Poi scopre il piano B: le minacce. Trump parte all’attacco: «Se giocano il gioco delle inchieste su di me, noi possiamo farlo meglio perché abbiamo in mano il Senato». Quel Senato repubblicano gli avallerà la nomina di un nuovo ministro della Giustizia certamente più docile.
L’anno scorso Matthew Whitaker ri-twittò un articolo così intitolato: «Avviso ai legali di Trump: non cooperate con Mueller e la sua folla assetata di linciaggio». Ora Whitaker è il nuovo ministro della Giustizia ad interim. È il nuovo superiore gerarchico di Robert Mueller, super-inquirente o «special counsel» che indaga sullo scandalo detto Russiagate: la possibile collusione fra Donald Trump e la Russia durante la campagna elettorale del 2016; ed eventuali altri reati come la «ostruzione della giustizia», punibili con l’impeachment.
Non solo ha cacciato Sessions, non solo lo ha sostituito pro tempore con un fedelissimo che non nasconde la sua ostilità a Mueller, ma Trump ha anche esautorato il numero due del Dipartimento di Giustizia, il tecnico Rod Rosenstein: colui che aveva prima scelto e poi protetto Muller. Il ribaltone è totale, a qualcuno ricorda un «golpe» organizzato da Richard Nixon nel ministero di Giustizia, in un estremo tentativo di insabbiare lo scandalo del Watergate che portò alle sue dimissioni (1974).

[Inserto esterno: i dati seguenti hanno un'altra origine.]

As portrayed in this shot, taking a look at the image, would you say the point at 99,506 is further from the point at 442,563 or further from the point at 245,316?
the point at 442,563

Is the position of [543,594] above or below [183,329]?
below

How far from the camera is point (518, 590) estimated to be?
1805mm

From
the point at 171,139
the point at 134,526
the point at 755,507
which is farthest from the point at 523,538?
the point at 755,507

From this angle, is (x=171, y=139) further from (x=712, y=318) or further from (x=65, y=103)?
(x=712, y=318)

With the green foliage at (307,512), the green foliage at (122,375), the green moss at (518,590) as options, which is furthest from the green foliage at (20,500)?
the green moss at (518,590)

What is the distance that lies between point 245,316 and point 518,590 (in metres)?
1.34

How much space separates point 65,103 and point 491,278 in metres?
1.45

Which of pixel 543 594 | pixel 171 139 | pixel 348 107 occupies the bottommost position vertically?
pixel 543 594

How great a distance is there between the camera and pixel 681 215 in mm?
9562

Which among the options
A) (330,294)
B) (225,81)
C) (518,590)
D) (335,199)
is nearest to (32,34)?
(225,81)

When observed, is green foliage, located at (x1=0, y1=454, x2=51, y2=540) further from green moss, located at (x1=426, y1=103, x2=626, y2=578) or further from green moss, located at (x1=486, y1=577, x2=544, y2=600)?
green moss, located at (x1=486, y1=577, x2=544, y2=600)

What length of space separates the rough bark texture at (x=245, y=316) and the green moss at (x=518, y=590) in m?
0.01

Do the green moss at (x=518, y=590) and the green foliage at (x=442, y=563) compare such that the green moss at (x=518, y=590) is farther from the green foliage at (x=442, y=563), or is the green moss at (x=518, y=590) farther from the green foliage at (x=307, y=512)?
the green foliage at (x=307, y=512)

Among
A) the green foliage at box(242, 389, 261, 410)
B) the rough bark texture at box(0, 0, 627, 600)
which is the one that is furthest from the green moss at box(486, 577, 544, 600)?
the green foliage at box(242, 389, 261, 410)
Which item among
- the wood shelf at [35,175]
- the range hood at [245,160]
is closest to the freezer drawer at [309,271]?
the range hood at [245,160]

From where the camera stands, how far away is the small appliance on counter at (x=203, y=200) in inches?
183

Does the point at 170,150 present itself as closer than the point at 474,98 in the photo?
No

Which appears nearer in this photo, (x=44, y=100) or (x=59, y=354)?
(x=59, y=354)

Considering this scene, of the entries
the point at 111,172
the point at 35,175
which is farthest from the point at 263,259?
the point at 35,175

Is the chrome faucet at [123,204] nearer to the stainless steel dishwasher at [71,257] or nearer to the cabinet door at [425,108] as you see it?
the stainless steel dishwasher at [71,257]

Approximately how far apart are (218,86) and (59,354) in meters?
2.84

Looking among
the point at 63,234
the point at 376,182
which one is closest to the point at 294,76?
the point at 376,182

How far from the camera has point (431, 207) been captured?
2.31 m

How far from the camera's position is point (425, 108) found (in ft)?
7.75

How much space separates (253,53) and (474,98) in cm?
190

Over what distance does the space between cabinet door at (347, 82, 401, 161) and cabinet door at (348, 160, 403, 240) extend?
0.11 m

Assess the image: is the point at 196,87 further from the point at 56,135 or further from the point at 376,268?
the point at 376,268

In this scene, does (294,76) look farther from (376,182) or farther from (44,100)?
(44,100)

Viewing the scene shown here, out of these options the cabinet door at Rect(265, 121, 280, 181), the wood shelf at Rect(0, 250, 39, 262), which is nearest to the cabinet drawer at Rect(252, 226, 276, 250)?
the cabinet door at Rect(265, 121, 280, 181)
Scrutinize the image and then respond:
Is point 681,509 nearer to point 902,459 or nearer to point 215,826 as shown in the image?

Il colpo di mano contro Mueller è una conferma che Trump si sente al tempo stesso rafforzato e assediato, dopo i risultati dell’elezione di mid-term. È più forte al Senato dove la maggioranza repubblicana si è allargata. È più forte dentro il partito repubblicano, visto che l’intervento personale di Trump in campagna ha salvato alcuni senatori pericolanti. È al tempo stesso assediato perché l’altro ramo del Congresso ha il potere di varare inchieste sui suoi conflitti d’interessi, le sue tasse. Trump si sta mettendo in assetto di guerra. Il Dipartimento di Giustizia, che nella tradizione americana gode di una certa indipendenza ed è protetto da una serie di filtri, deve diventare il braccio armato del presidente stesso. Whitaker è la persona giusta, quando era chief of staff di quel ministero i colleghi parlavano di lui come una spia della Casa Bianca. In un periodo precedente faceva il commentatore per la Cnn e in una delle sue opinioni disse: «Mueller si sta spingendo troppo avanti nella sua inchiesta. Se si allarga alle finanze della famiglia Trump questa diventa una caccia alle streghe». L’espressione «caccia alle streghe» ricorre sempre, quando il presidente stesso parla di quell’indagine.
Che cosa può fare adesso Whitaker per sabotare l’inchiesta di Mueller? Due le ipotesi più estreme. La prima: licenziare Mueller prima ancora che abbia consegnato il suo rapporto conclusivo sul Russiagate. La seconda: lasciargli finire il rapporto ma decidere di non pubblicarlo. Tutt’e due rientrano nelle facoltà presidenziali anche se si tratta di gravi strappi alla tradizione. Trump non è tipo da preoccuparsi in quanto a strappi alla consuetudine. Come reagirebbe la nuova Camera a maggioranza democratica, che s’insedia a gennaio? Ha poteri di «subpoena» cioè d’interrogare sotto giuramento come un tribunale. Qualora la Casa Bianca insabbi il rapporto Mueller sulla collusione con la Russia, la Camera potrebbe obbligarlo comunque a rendere pubbliche le sue conclusioni.